Most people don’t think about databases.
They sit quietly underneath modern software systems, powering applications, storing operational data, and enabling everything from simple transactions to complex business workflows. It’s only when something fails—a payment doesn’t go through, a page doesn’t load, a number looks wrong—that their importance becomes visible.
Over the past decade, the demands on these systems have changed significantly. The rise of the internet and SaaS reshaped how they were used and what was expected of them. We are now entering another transition, where the shift is in how software systems are constructed and used in the age of AI.
This is a reflection on how databases evolved over the last ten years, and what those changes suggest about the decade ahead with the full adoption of AI in the enterprise.

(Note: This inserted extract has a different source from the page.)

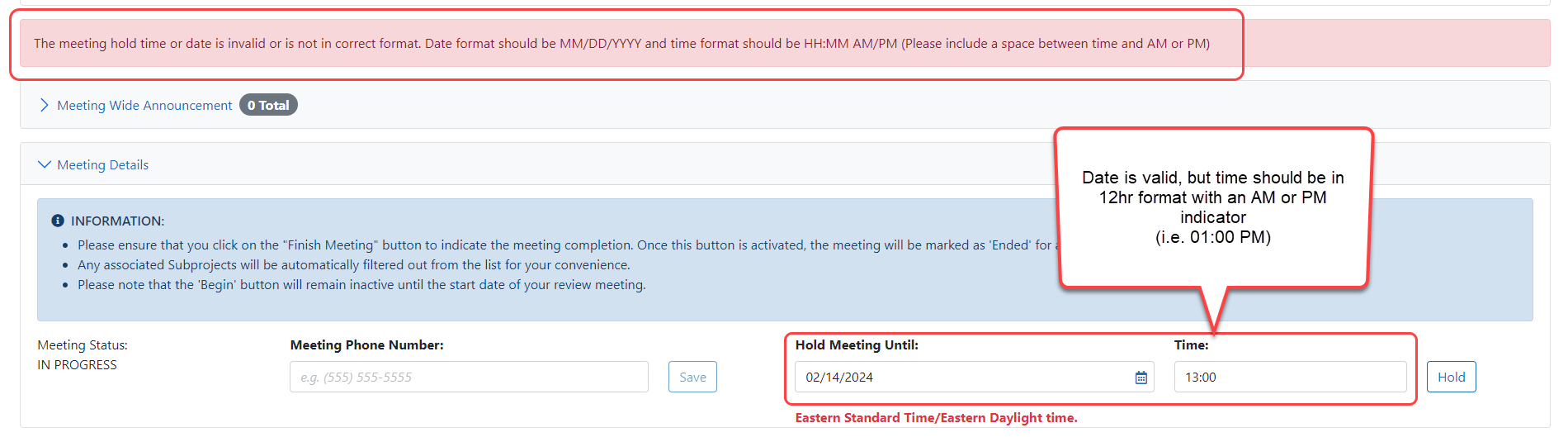 Date/Time Format error on meeting Hold.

Let’s quickly recap the old world. Prior to the SaaS era, most operational systems operated in environments where growth was relatively predictable. Databases were designed accordingly. Systems like Oracle RAC and IBM DB2 dominated, optimized for large enterprises with stable workloads, centralized infrastructure, and the ability to provision capacity ahead of demand.

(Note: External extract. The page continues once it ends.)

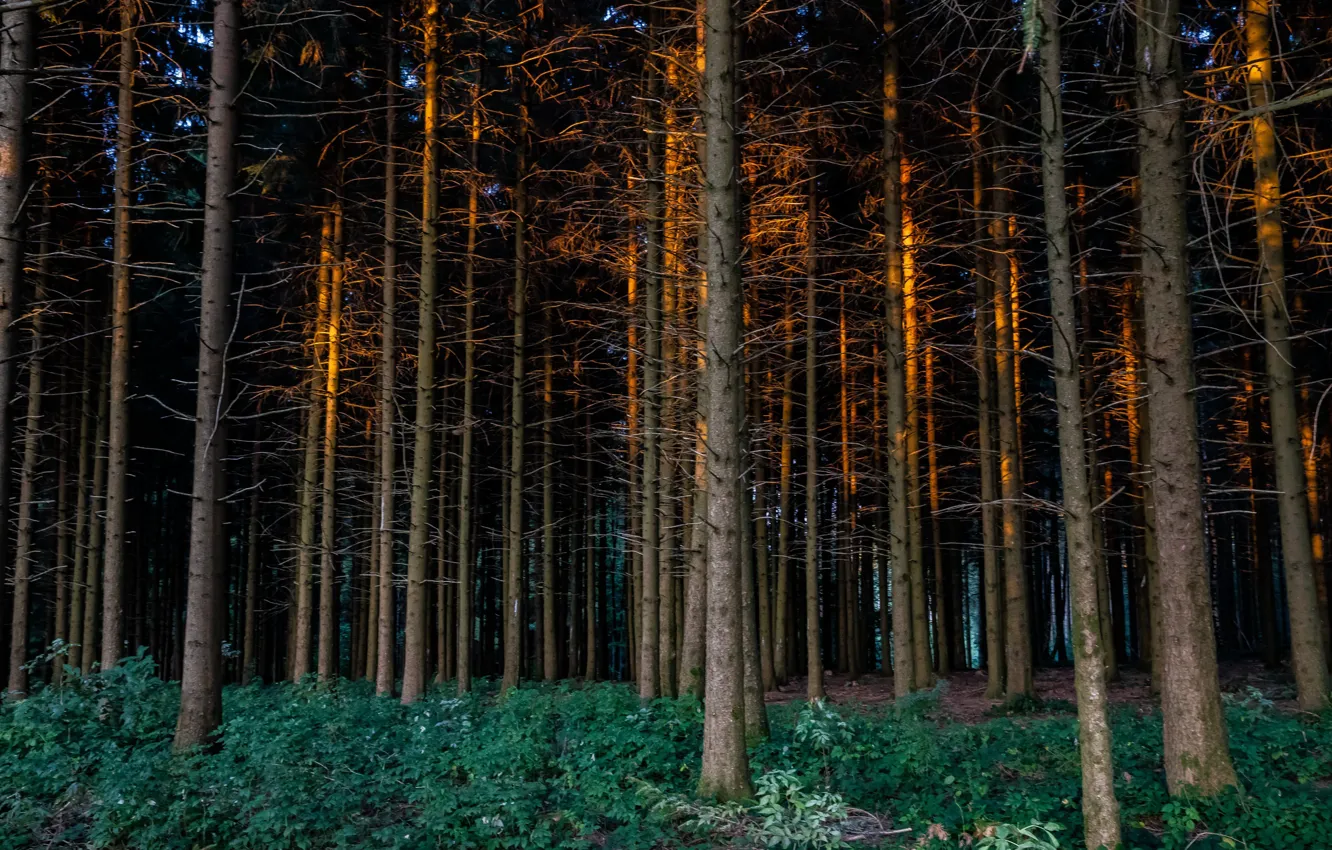 Photo wallpaper forest, summer, the evening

These systems were sophisticated and powerful, but they were also shaped by assumptions that suddenly no longer held true: that scale would increase gradually, that vertical scaling was sufficient, and that cost of reliability was high. In many cases, they provided capabilities well beyond what the average workload required, but enterprises were tuned towards paying for peaks and pre-provisioned capacity.

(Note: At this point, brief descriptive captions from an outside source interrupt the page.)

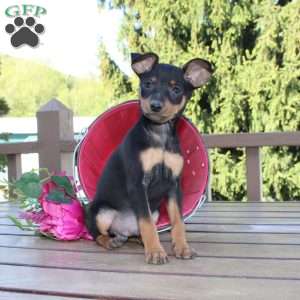 Jasper, Miniature Pinscher Puppy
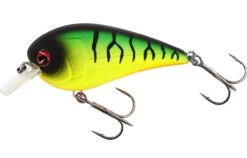 Westin Bassbite 6cm Floating 7 Westin Bassbite 6cm Floating -Spro Winkel Westin BassBite Squarebill 6 cm Firetiger P154 099 148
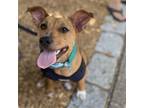Adopt Marvel a Red/Golden/Orange/Chestnut - with Black Retriever (Unknown Type)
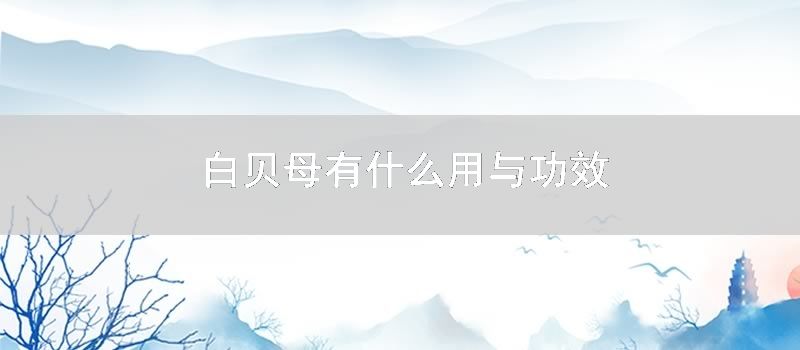 白贝母有什么用与功效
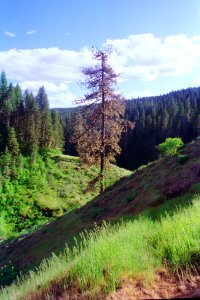 04-25-20-elk-creek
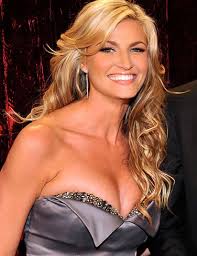 Erin Andrews hot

SaaS and Internet-Scale Growth
The shift to SaaS disrupted all those assumptions.
Internet distribution enabled companies to reach large user bases almost immediately, and growth curves became both steeper and less predictable. Instead of steady increases in load, systems had to accommodate sudden surges in users, transactions, and data volume, often within compressed timeframes.
More importantly, operational data became tightly coupled to revenue. Systems managing customers, orders, inventory, or advertising were no longer back-office infrastructure—they were the business itself. Database performance and reliability moved directly onto the critical path.
At the same time, with the explosion of SaaS, companies experiencing this growth were not large enterprises. They were cost-sensitive and operationally lean startups or SMBs, which made traditional enterprise database solutions too costly and impractical for their initially simple needs.
Adapting Existing Systems
Rather than replacing databases outright, teams adapted what was available.
One path involved using systems that were already capable of handling large volumes of data—key-value stores, early NoSQL systems, and even data warehouse infrastructure. These systems provided scalability, but they were not designed for transactional workloads. Key-value stores sacrificed structure, and warehouses were optimized for analytical queries, not low-latency operations.
Using them for operational systems meant relinquishing relational models, transactional guarantees, and SQL as a unifying abstraction. The cost of that decision was not always immediately visible, but it manifested as increased complexity in application logic. Responsibilities traditionally handled by the database—joins, consistency, integrity—were pushed outward into the application layer.
The other solution that companies reached for to preserve transactional consistency was to extend relational systems themselves.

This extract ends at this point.